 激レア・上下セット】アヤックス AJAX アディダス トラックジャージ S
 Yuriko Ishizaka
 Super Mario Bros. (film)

--

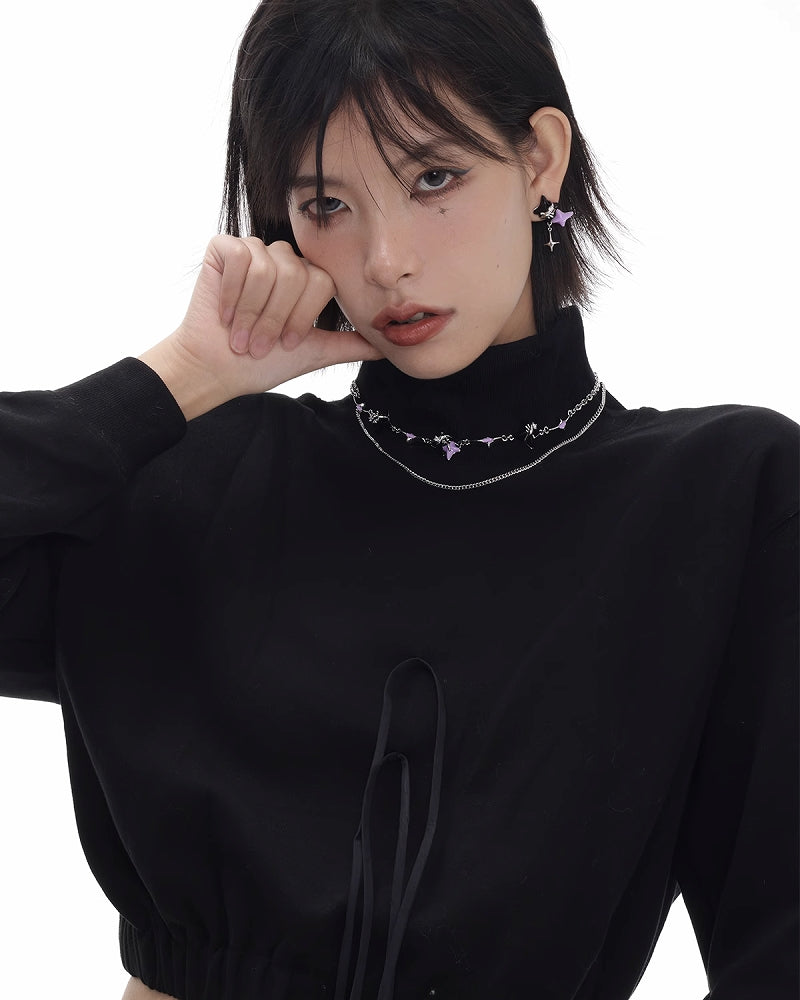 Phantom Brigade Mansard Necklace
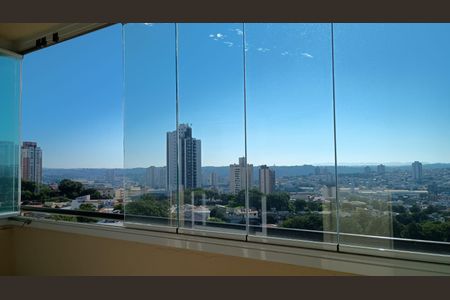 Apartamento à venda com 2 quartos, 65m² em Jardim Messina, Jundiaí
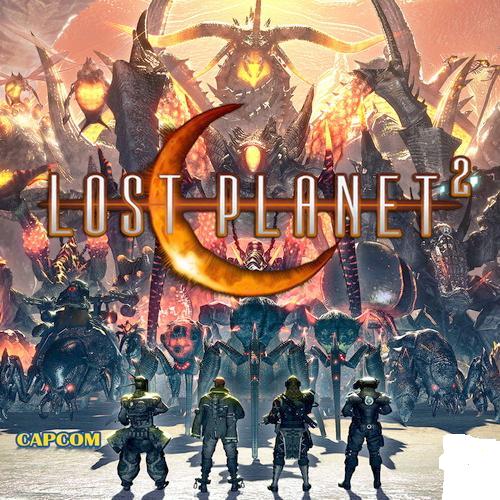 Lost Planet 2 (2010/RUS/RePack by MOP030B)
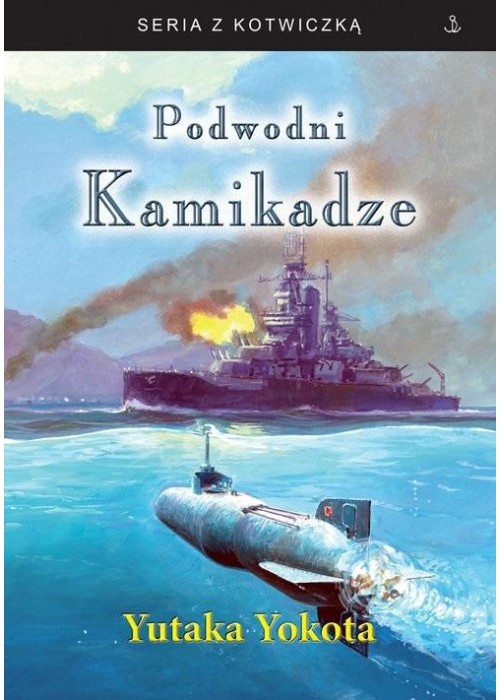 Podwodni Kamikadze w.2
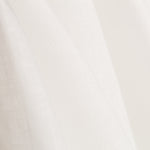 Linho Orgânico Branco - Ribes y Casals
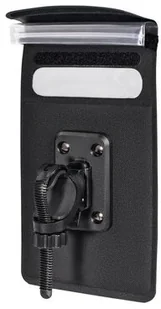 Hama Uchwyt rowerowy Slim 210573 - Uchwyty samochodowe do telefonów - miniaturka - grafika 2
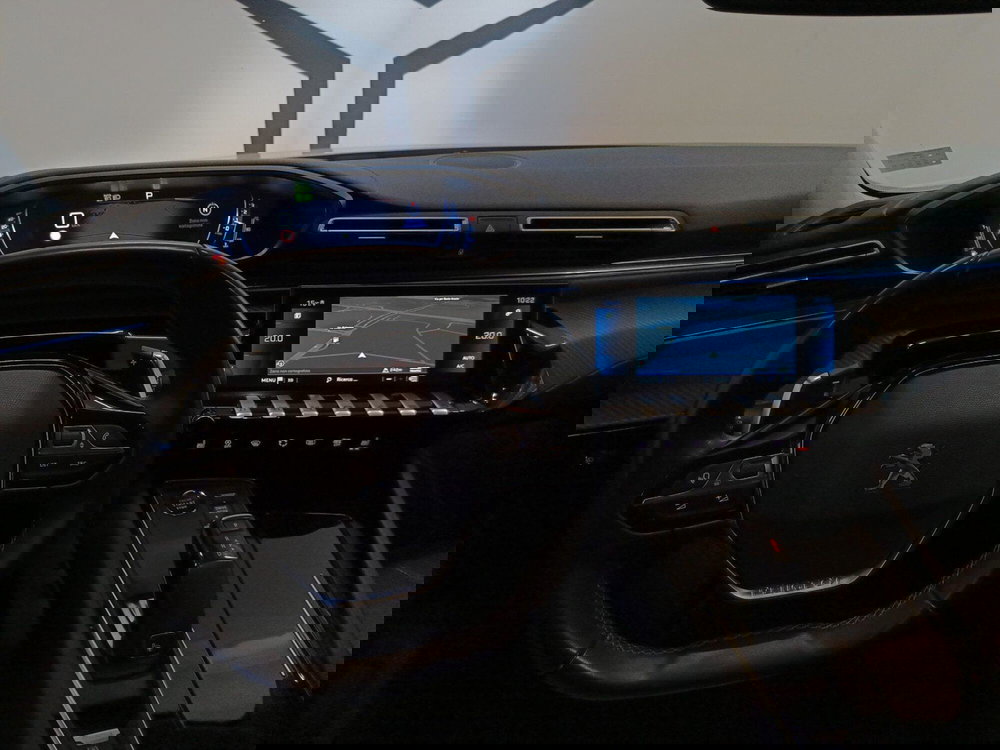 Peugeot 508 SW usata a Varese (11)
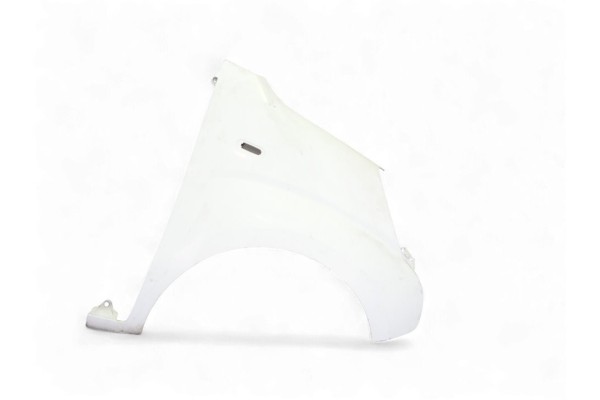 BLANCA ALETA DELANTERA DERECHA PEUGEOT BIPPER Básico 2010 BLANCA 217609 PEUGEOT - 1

--

Starting at the line above that holds "Phantom Brigade Mansard Necklace", return each line up to and including the one that holds "Peugeot 508 SW usata a Varese (11)", exactly as written, minus any pictures.

▶ _RESPONSE AREA_
 Phantom Brigade Mansard Necklace
 Apartamento à venda com 2 quartos, 65m² em Jardim Messina, Jundiaí
 Lost Planet 2 (2010/RUS/RePack by MOP030B)
 Podwodni Kamikadze w.2
 Linho Orgânico Branco - Ribes y Casals
 Hama Uchwyt rowerowy Slim 210573 - Uchwyty samochodowe do telefonów - miniaturka - grafika 2
 Peugeot 508 SW usata a Varese (11)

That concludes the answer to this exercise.